Posted on Friday, February 22, 2008 at 10:26AM by Registered CommenterSimon Ward | CommentsPost a Comment

Monday’s post expressed concern about a recent sharp deterioration in business and consumer surveys. The February Philadelphia Fed survey of regional manufacturers, released yesterday, was another shocker, with the expected new orders index plunging into negative territory – a rare occurrence. As the chart below shows, this suggests further weakness in the national ISM survey to be released on 3rd March.

This morning’s “flash” Eurozone purchasing managers’ surveys were more reassuring, however, with the manufacturing new orders index only slightly lower than in January and the services new business index recording a surprise recovery. It could be that the Eurozone surveys are proving slower to pick up emerging economic weakness but it is also possible that the slide in US confidence has been exaggerated by the Fed’s panic rate cuts, which suggested the central bank believed a recession had started.

The Philadelphia Fed survey does not resolve the recession issue. The expected new orders index has fallen below zero on five previous occasions since the survey’s inception in the late 1960s. In four of the five cases a recession followed but in two of these it began more than a year later. In one case – 1995 – the economy skirted recession.

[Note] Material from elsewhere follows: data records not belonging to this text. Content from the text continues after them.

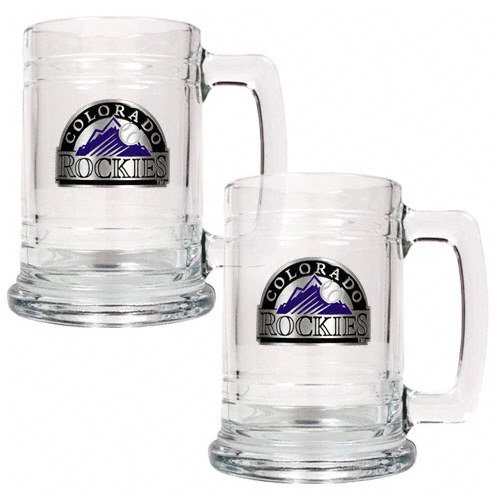 Buy Colorado Rockies Primary Logo 2 Piece 15 oz. Glass Tankard Set by FansEdge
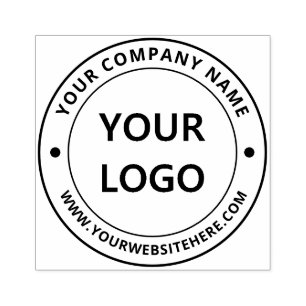 Your Business Logo Round Rubber Stamp Example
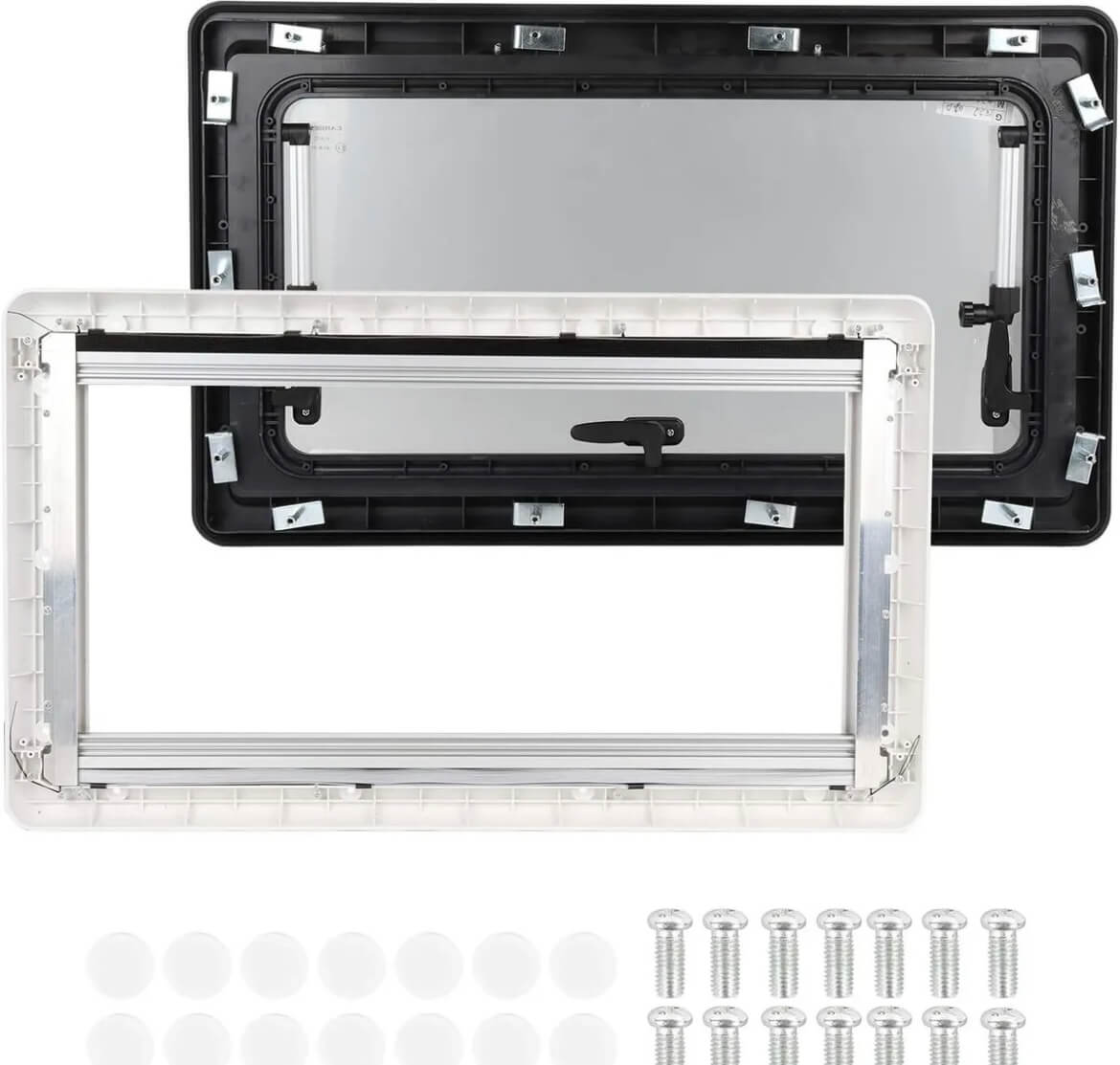 Ventana abatible 900x450 43R con mosquitera y oscurecedor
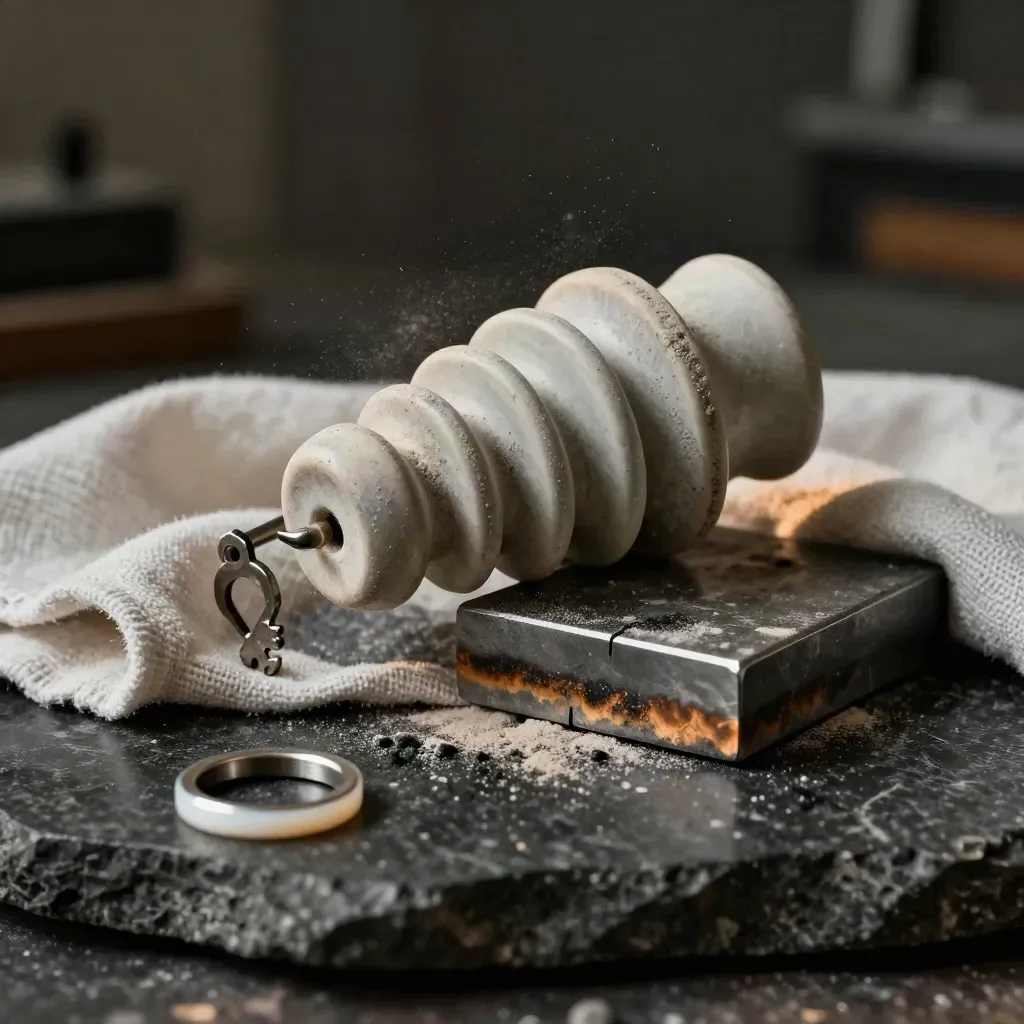 Ceramic insulator, steel sample block and white cloth on dark stone in dramatic studio light.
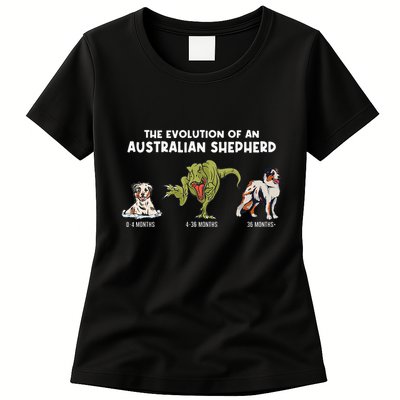 Aussie Dog Mom The Evolution Of An Australian Shepherd Womens T-Shirt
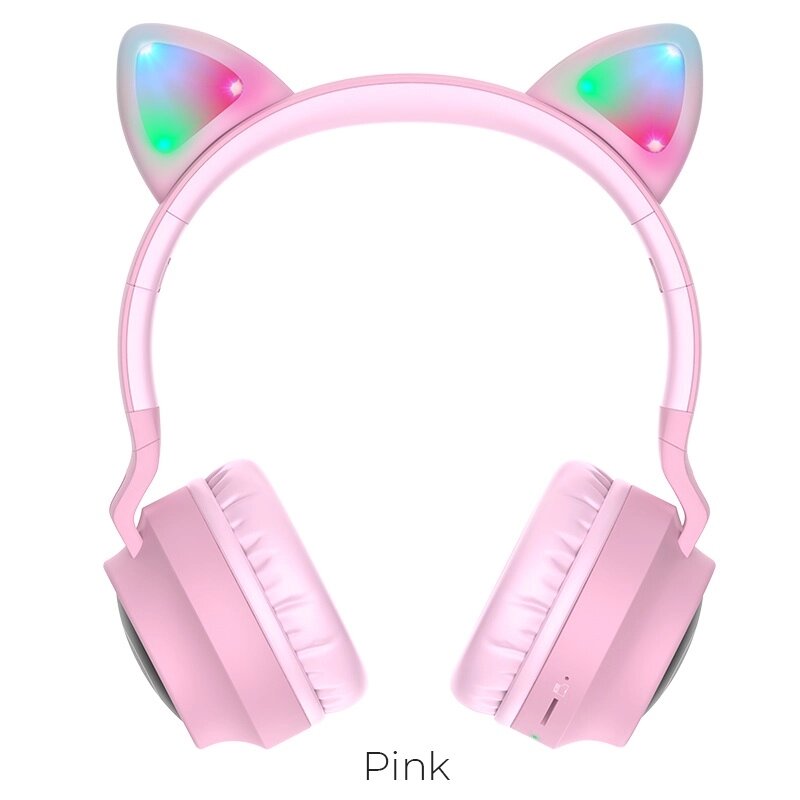 Гарнитура Bluetooth полноразмерная HOCO W27 Cat ear Bluetooth 4.2 300mah MP3, LED (Pink) от компании Медиамир - фото 1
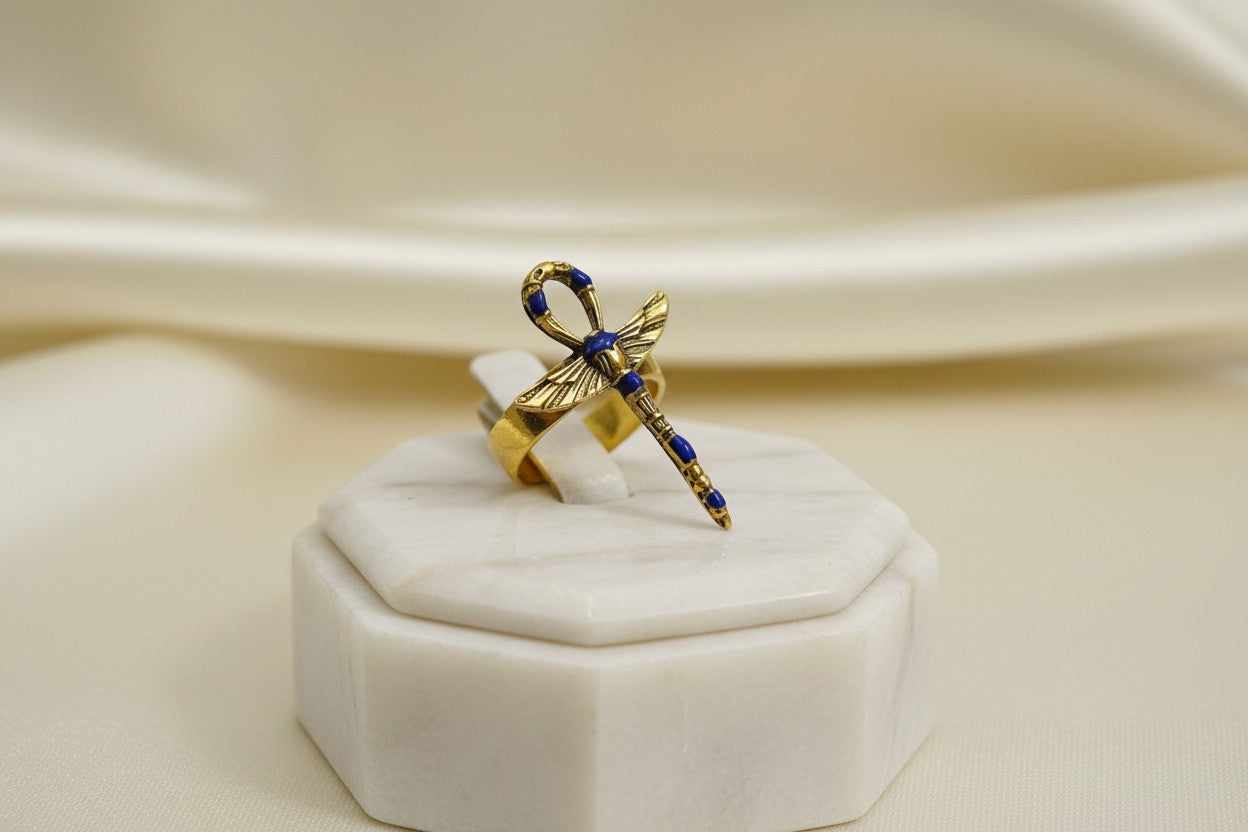 Gold Winged Ankh Ring, Lapis Lazuli Egyptian Jewelry, Key of Life Statement Ring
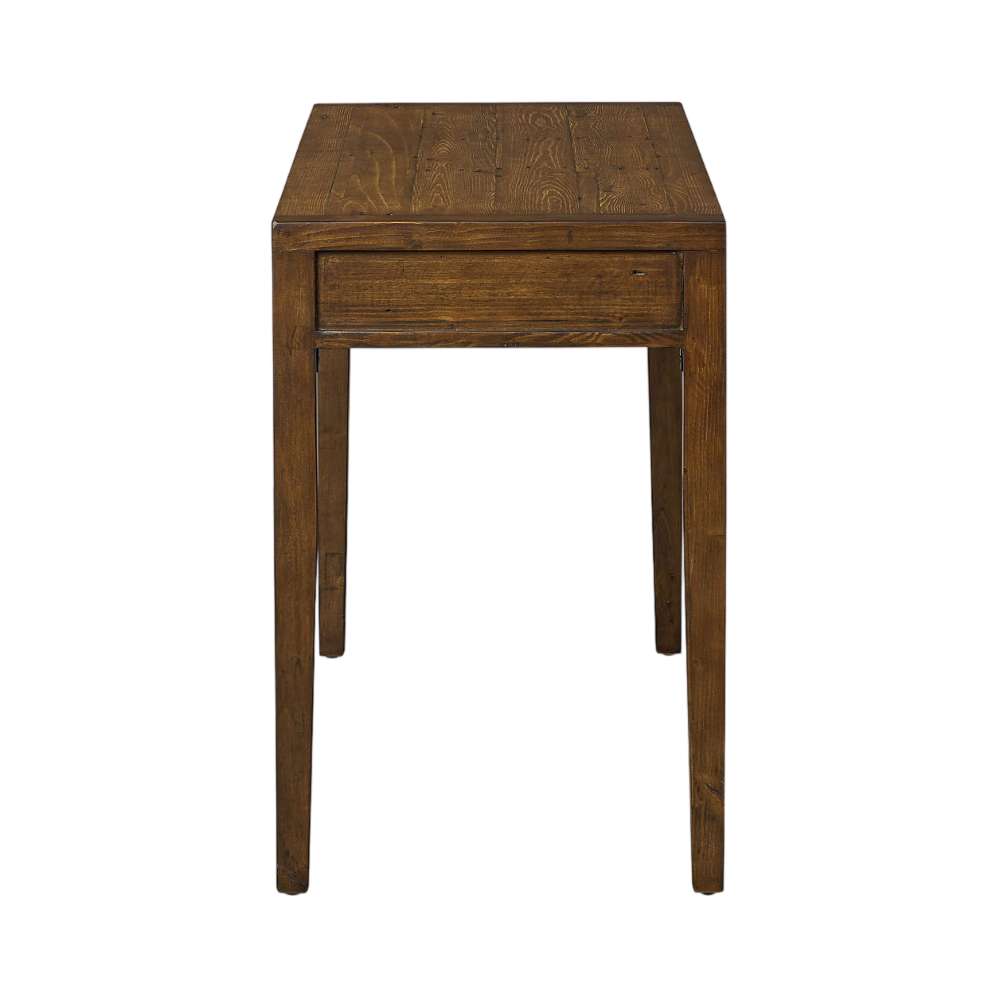 Crate & Barrel Morris 48" Chocolate Brown Writing Desk shown from the side, displaying its slim profile and sturdy wood construction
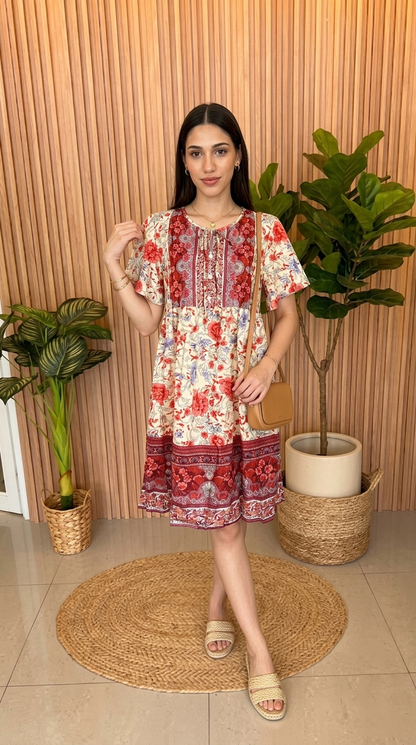 Vestido Floral Coral / L76A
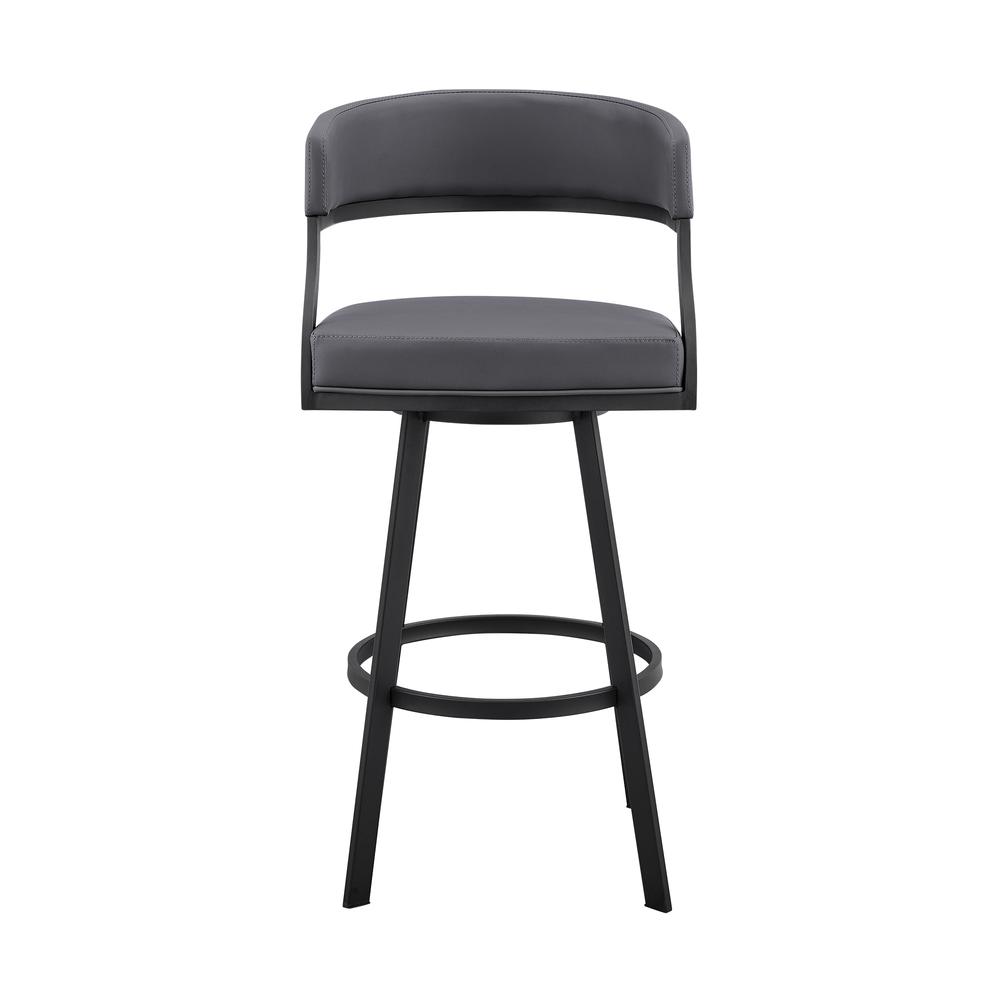 Saturn 26" Counter Height Swivel Grey Faux Leather and Black Metal Bar Stool. Picture 2
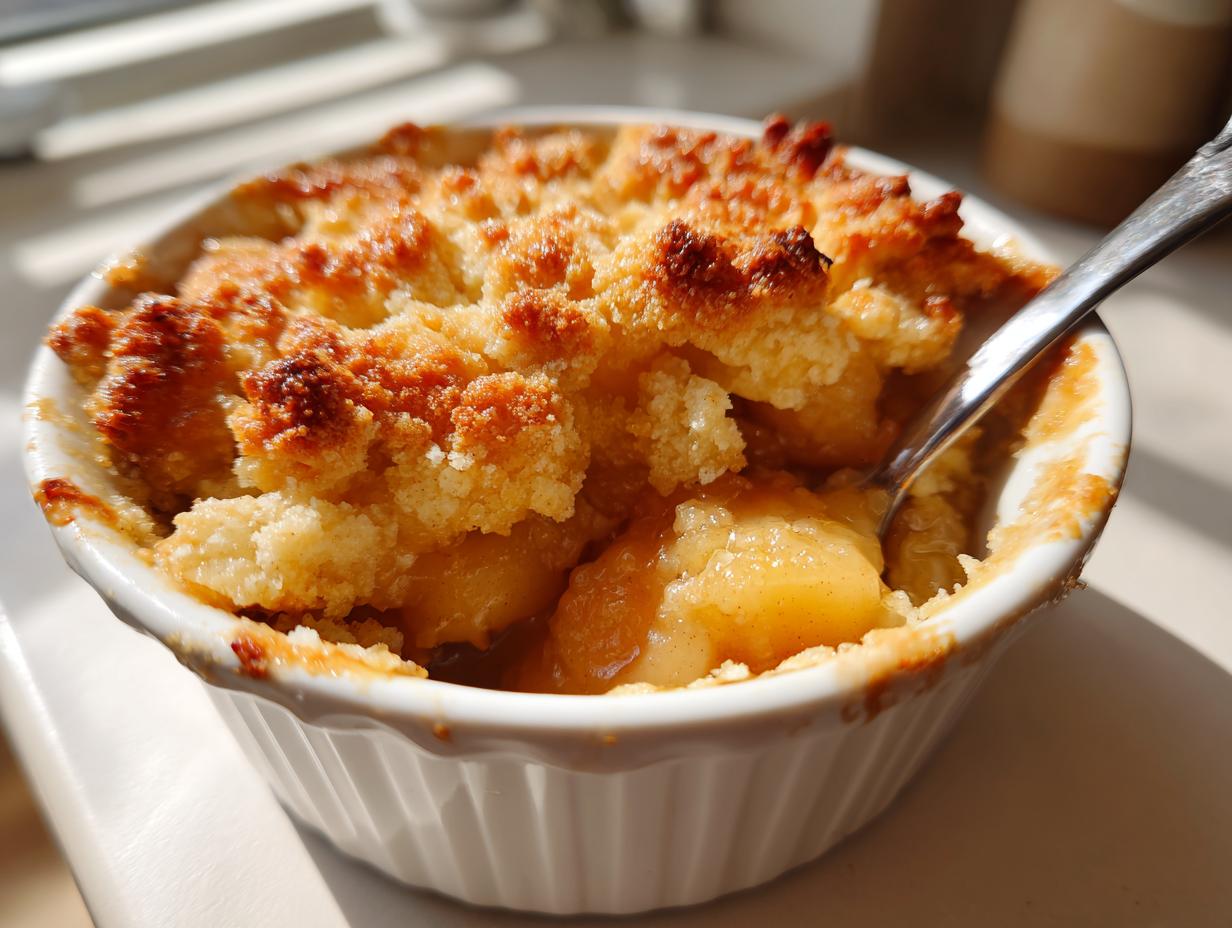 Close-up of a warm, golden brown apple cobbler in a white ramekin with a spoon digging in.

Nor is the survey’s weakness necessarily a signal of further equity price falls ahead. In the five prior instances of expected new orders turning negative, the average change in the S&P 500 index over the subsequent six calendar months was +8.8%. The change was positive in four of the five cases, the exception being 1973 – but this was in the context of the orders index continuing to plunge to a record low of -43.